A/N: Chapter 2! I'm on a roll!
DISCLAIMER: I do not claim any ownership to the characters. All of them are the lovely brainchildren of Mr. Kripke and Mr. Singer and I promise I make no money out of this!
Chapter 2 – The One Where Gabriel's In Love (But Denies it Vehemently)
Waiting tables, Dean decided five minutes into the job, was difficult as hell.
In a brief moment of insanity, Dean actually thought he'd prefer hell to this.
So far, he's stumbled five times, groped three times by desperate, rich little old ladies who wave their money around like they were reminding everyone of their status in life, barged into a table corner twice, and actually managed to trip over air and bring Sam down with him in the process. It was a good thing they were only carrying dirty dishes back to the kitchen, or else, they really would've been in trouble.
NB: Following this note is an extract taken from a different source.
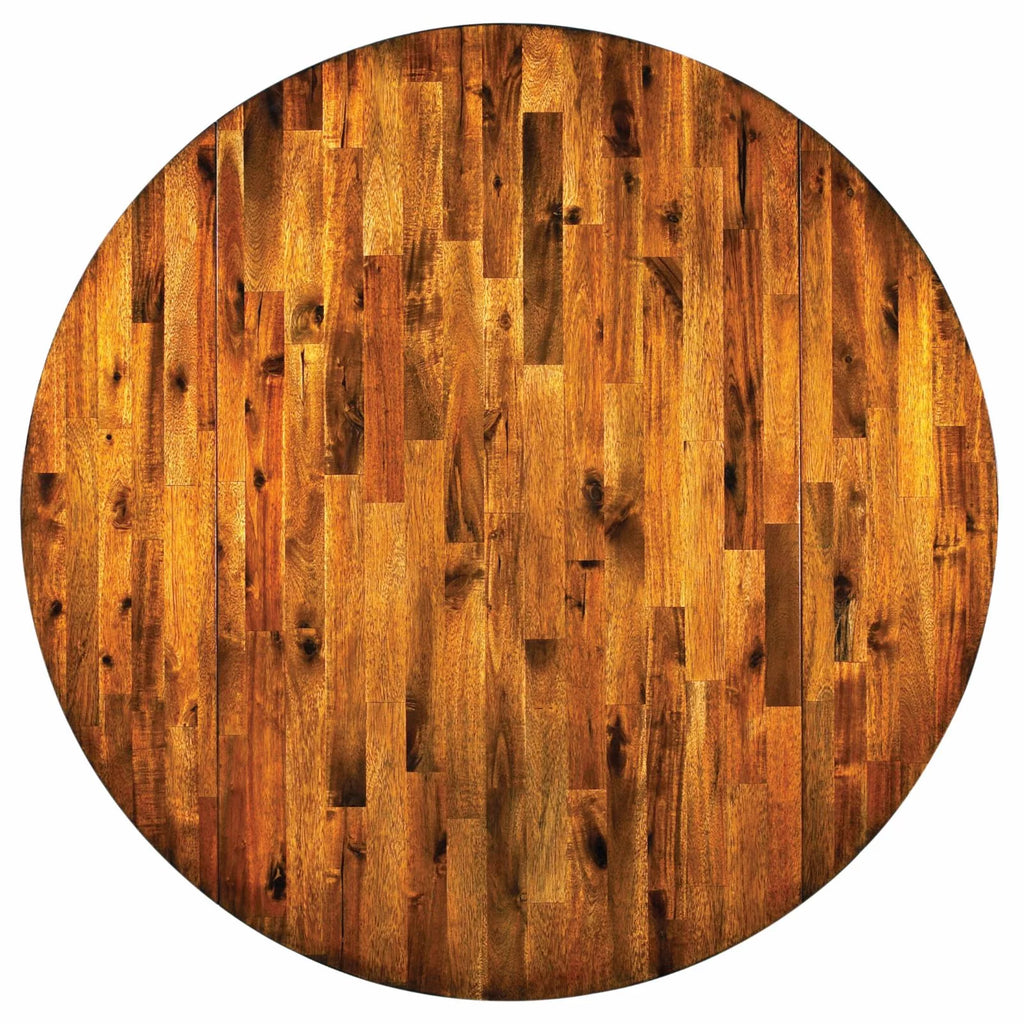 Double Drop Leaf Cherry Finish Wood Dining Table F154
That wasn't the only problem. The uniforms they had to wear were very constrictive – a white button-up shirt, black slacks, a bow tie and an apron that seemed to be just a thin strip of cloth that covered his crotch area only. He felt more like a Chippendales dancer than a waiter that moment. Dean felt like he stepped out of a special issue of Playgirl. It wasn't pretty.
The fact that Castiel's been eyeing him since the dinner rush started wasn't helping much, either.
Sam, Dean noted with sadistic pleasure, wasn't faring much better. The moment that customers started flooding in, his little brother's been rather flustered and awkward, which, combined with his huge size, was really bad. To cut long story short, there was a lot of flailing involved, tiptoeing, and ultimately tripping over invisible stuff causing him to barge into Dean more than once.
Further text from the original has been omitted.